Tuning capillary flow in porous media with hierarchical structures

TL;DR

This paper investigates how hierarchical pore structures can be engineered to suppress capillary fingering during fluid displacement in porous media, improving efficiency in applications like oil recovery and CO2 storage.

Contribution

It introduces a pore geometry adjustment method to control displacement patterns, demonstrating the transition from fingering to compact flow through simulations and analysis.

Findings

Higher porosity in second-order structures promotes compact displacement.

Hierarchical structures can suppress fingering across various wettability conditions.
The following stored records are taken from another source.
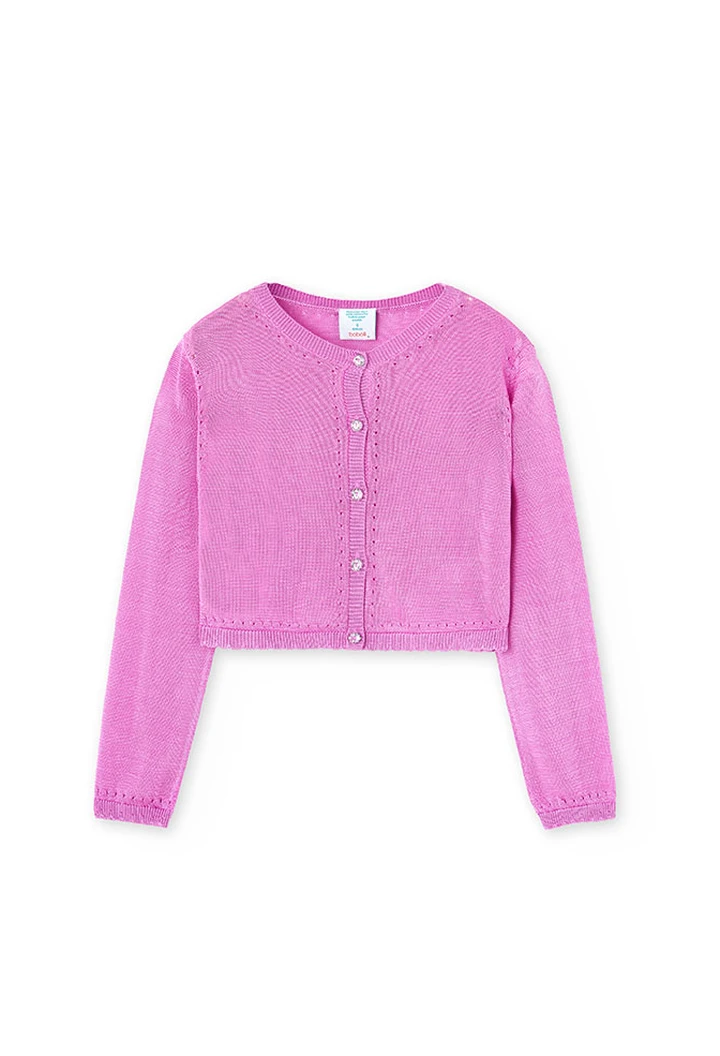 Veste tricotée fille couleur fraise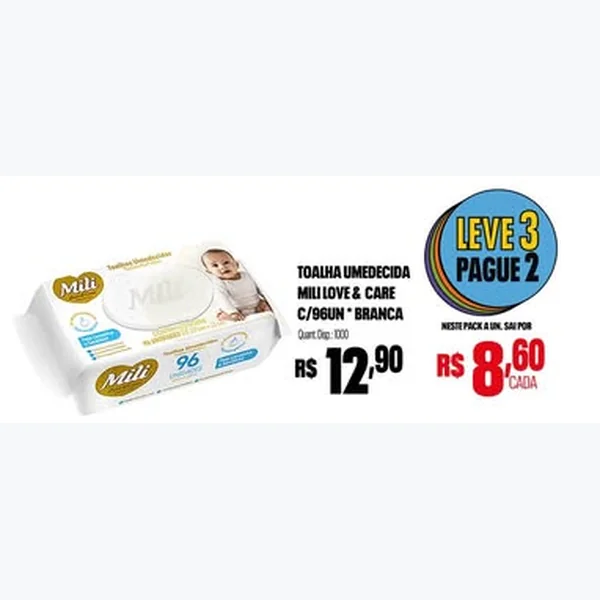 Toalha Umedecida Love & Care Mili 96 un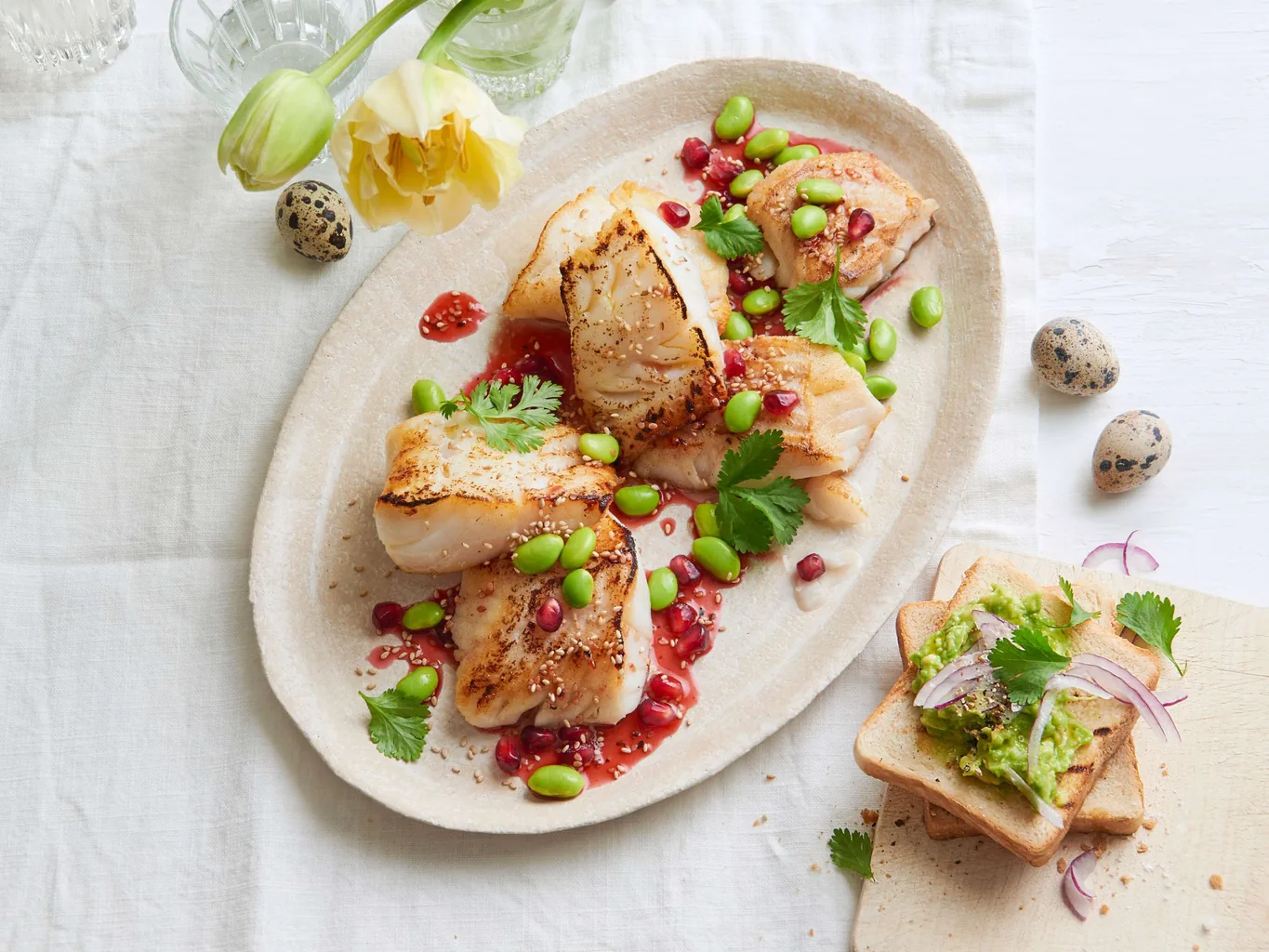 Kabeljaufilet mit Granatapfel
Insights enable better design of microfluidic devices and porous media for enhanced fluid displacement.

Abstract

Immiscible fluid-fluid displacement in porous media is of great importance in many engineering applications, such as enhanced oil recovery, agricultural irrigation, and geologic CO2 storage. Fingering phenomena, induced by the interface instability, are commonly encountered during displacement processes and somehow detrimental since such hydrodynamic instabilities can significantly reduce displacement efficiency. In this study, we report a possible adjustment in pore geometry which aims to suppress the capillary fingering in porous media with hierarchical structures. Through pore-scale simulations and theoretical analysis, we demonstrate and quantify combined effects of wettability and hierarchical geometry on displacement patterns, showing a transition from fingering to compact mode. Our results suggest that with a higher porosity of the 2nd-order porous structure, the displacement can keep compact across a wider range of wettability conditions. Combined with our previous work on viscous fingering in such media, we can provide a complete insight into the fluid-fluid displacement control in hierarchical porous media, across a wide range of flow conditions from capillary- to viscous-dominated modes. The conclusions of this work can benefit the design of microfluidic devices, as well as tailoring porous media for better fluid displacement efficiency at the field scale.